----- Material for this task -----
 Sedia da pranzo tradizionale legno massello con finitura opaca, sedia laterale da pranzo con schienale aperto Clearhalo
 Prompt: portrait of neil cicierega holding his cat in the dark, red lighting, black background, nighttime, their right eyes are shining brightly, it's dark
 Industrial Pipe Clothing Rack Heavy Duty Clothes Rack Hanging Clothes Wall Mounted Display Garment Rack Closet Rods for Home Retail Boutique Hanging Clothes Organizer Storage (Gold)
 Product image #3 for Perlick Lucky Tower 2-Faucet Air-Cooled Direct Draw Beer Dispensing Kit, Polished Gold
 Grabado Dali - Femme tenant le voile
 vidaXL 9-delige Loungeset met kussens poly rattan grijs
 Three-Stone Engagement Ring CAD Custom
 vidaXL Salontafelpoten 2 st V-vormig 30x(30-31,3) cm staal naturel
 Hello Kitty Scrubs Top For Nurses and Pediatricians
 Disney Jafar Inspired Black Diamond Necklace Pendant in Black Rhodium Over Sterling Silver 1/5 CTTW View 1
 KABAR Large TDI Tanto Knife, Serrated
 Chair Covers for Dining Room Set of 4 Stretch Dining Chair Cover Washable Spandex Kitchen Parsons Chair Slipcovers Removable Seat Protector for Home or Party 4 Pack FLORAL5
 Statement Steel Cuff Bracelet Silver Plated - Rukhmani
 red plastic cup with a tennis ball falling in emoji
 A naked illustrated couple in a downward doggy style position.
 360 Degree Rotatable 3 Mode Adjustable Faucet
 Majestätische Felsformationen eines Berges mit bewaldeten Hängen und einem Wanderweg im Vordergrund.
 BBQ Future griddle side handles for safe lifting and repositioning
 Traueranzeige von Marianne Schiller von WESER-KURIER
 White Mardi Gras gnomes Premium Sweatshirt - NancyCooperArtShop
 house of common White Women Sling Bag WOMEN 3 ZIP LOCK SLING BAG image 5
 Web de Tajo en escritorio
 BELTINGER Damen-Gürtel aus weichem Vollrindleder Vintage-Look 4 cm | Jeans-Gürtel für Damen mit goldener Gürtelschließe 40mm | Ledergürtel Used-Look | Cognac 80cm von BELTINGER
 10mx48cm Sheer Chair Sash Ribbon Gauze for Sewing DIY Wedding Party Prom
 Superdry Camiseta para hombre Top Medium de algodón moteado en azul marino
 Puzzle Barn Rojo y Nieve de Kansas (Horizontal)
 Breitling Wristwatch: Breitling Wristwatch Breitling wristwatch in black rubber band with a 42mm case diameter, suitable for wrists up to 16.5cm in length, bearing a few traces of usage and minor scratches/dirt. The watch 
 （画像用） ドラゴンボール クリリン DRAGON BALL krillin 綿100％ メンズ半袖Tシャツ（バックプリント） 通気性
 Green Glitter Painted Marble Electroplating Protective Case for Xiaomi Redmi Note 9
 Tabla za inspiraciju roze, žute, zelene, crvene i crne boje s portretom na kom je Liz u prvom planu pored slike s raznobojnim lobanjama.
-----
What the task asks >> Your reply should be nothing but the lines from the one containing "Product image #3" through the last line above, copied exactly; please include both ends.

Completed task >>
 Product image #3 for Perlick Lucky Tower 2-Faucet Air-Cooled Direct Draw Beer Dispensing Kit, Polished Gold
 Grabado Dali - Femme tenant le voile
 vidaXL 9-delige Loungeset met kussens poly rattan grijs
 Three-Stone Engagement Ring CAD Custom
 vidaXL Salontafelpoten 2 st V-vormig 30x(30-31,3) cm staal naturel
 Hello Kitty Scrubs Top For Nurses and Pediatricians
 Disney Jafar Inspired Black Diamond Necklace Pendant in Black Rhodium Over Sterling Silver 1/5 CTTW View 1
 KABAR Large TDI Tanto Knife, Serrated
 Chair Covers for Dining Room Set of 4 Stretch Dining Chair Cover Washable Spandex Kitchen Parsons Chair Slipcovers Removable Seat Protector for Home or Party 4 Pack FLORAL5
 Statement Steel Cuff Bracelet Silver Plated - Rukhmani
 red plastic cup with a tennis ball falling in emoji
 A naked illustrated couple in a downward doggy style position.
 360 Degree Rotatable 3 Mode Adjustable Faucet
 Majestätische Felsformationen eines Berges mit bewaldeten Hängen und einem Wanderweg im Vordergrund.
 BBQ Future griddle side handles for safe lifting and repositioning
 Traueranzeige von Marianne Schiller von WESER-KURIER
 White Mardi Gras gnomes Premium Sweatshirt - NancyCooperArtShop
 house of common White Women Sling Bag WOMEN 3 ZIP LOCK SLING BAG image 5
 Web de Tajo en escritorio
 BELTINGER Damen-Gürtel aus weichem Vollrindleder Vintage-Look 4 cm | Jeans-Gürtel für Damen mit goldener Gürtelschließe 40mm | Ledergürtel Used-Look | Cognac 80cm von BELTINGER
 10mx48cm Sheer Chair Sash Ribbon Gauze for Sewing DIY Wedding Party Prom
 Superdry Camiseta para hombre Top Medium de algodón moteado en azul marino
 Puzzle Barn Rojo y Nieve de Kansas (Horizontal)
 Breitling Wristwatch: Breitling Wristwatch Breitling wristwatch in black rubber band with a 42mm case diameter, suitable for wrists up to 16.5cm in length, bearing a few traces of usage and minor scratches/dirt. The watch 
 （画像用） ドラゴンボール クリリン DRAGON BALL krillin 綿100％ メンズ半袖Tシャツ（バックプリント） 通気性
 Green Glitter Painted Marble Electroplating Protective Case for Xiaomi Redmi Note 9
 Tabla za inspiraciju roze, žute, zelene, crvene i crne boje s portretom na kom je Liz u prvom planu pored slike s raznobojnim lobanjama.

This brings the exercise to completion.